Instructions to follow: Retrieve every line from the records in which the word "Luxury" occurs.

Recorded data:
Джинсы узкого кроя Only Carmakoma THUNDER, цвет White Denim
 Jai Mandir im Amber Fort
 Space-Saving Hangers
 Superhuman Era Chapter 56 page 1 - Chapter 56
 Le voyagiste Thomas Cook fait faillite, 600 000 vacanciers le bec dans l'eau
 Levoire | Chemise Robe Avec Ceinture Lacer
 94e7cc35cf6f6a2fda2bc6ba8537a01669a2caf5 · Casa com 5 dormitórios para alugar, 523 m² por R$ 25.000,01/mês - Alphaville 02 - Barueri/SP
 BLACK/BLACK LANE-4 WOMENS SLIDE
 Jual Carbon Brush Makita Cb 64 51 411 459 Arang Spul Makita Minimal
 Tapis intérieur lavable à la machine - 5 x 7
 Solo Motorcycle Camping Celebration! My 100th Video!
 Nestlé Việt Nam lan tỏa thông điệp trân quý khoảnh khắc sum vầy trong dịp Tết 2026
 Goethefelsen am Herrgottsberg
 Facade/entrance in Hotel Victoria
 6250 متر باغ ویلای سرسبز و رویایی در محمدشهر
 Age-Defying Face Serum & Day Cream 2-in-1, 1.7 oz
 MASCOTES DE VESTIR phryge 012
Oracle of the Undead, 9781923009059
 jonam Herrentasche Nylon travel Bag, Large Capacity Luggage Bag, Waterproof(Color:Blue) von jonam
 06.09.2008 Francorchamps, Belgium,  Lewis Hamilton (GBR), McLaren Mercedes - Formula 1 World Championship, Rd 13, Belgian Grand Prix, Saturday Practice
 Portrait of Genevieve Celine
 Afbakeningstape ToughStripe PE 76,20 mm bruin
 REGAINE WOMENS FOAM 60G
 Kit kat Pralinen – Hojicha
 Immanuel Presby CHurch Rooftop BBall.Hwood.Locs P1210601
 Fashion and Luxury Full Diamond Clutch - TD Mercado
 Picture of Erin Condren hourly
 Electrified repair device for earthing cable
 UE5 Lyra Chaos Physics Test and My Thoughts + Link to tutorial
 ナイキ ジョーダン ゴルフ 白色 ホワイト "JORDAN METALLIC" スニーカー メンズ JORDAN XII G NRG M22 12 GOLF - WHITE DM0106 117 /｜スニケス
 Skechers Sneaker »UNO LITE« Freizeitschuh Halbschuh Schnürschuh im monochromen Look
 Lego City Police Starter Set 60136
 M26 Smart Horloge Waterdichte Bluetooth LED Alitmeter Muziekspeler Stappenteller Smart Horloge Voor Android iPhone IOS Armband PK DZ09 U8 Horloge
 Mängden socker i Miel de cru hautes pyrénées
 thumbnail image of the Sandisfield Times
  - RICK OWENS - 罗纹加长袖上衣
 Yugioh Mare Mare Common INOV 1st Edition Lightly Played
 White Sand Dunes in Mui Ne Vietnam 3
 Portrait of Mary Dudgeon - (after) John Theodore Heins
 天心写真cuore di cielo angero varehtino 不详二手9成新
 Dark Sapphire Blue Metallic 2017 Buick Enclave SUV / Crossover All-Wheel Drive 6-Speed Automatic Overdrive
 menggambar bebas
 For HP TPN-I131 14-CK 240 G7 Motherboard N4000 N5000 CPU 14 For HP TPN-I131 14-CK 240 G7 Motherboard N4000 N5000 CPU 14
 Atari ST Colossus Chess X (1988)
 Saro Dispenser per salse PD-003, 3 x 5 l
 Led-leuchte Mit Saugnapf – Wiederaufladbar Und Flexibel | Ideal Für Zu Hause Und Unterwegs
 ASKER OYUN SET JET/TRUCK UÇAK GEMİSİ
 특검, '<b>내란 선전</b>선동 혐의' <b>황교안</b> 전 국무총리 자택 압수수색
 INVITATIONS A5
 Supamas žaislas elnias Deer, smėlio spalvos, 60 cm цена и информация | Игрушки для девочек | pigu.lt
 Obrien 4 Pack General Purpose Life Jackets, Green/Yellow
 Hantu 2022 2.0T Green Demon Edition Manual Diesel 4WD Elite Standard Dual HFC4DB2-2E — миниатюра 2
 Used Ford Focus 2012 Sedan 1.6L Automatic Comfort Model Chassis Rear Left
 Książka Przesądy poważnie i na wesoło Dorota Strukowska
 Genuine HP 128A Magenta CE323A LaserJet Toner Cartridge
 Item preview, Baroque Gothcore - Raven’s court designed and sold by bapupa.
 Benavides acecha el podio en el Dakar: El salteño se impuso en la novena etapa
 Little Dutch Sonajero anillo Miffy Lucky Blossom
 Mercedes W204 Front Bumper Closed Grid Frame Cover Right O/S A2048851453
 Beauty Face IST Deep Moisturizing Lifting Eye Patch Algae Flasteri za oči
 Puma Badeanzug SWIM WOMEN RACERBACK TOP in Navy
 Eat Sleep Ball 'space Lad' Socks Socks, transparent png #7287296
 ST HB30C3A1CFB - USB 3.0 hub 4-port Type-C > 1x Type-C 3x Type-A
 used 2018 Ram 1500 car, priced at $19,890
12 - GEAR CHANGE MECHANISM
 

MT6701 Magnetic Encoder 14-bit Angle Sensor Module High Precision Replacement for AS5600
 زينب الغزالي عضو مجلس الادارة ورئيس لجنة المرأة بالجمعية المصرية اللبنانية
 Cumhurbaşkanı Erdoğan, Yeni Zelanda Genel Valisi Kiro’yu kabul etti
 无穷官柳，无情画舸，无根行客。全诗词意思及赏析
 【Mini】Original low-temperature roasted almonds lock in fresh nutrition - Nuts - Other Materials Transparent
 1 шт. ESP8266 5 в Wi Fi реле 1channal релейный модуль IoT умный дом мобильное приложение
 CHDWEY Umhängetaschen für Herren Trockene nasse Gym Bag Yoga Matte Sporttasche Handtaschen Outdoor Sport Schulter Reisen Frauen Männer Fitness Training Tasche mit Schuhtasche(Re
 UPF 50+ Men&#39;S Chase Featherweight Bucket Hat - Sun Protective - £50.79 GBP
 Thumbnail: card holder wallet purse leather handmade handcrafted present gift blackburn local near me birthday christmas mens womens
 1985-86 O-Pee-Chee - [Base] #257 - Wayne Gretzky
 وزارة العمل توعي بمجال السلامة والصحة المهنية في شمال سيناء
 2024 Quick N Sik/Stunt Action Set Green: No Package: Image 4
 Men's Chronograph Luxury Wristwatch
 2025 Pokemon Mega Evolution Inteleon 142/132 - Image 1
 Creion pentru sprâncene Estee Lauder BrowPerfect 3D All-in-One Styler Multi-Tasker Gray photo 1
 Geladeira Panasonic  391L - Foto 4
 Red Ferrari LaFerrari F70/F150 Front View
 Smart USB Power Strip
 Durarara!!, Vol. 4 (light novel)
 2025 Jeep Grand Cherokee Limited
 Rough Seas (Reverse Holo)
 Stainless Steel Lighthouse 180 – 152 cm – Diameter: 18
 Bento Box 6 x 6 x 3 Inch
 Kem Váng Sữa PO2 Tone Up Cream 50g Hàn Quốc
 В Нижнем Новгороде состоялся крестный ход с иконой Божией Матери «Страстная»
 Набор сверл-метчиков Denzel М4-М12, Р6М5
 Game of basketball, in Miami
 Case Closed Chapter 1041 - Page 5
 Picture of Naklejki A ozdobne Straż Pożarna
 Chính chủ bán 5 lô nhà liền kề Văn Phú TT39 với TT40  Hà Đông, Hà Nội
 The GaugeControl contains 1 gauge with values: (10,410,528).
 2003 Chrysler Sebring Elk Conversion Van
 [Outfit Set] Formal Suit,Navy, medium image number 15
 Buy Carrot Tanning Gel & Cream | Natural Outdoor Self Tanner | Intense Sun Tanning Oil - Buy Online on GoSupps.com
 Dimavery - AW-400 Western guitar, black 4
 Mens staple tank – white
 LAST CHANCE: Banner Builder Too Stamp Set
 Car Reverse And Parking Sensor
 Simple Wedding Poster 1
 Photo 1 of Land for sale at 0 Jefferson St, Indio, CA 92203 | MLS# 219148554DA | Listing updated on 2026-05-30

Exercise answer:
 Fashion and Luxury Full Diamond Clutch - TD Mercado
 Men's Chronograph Luxury Wristwatch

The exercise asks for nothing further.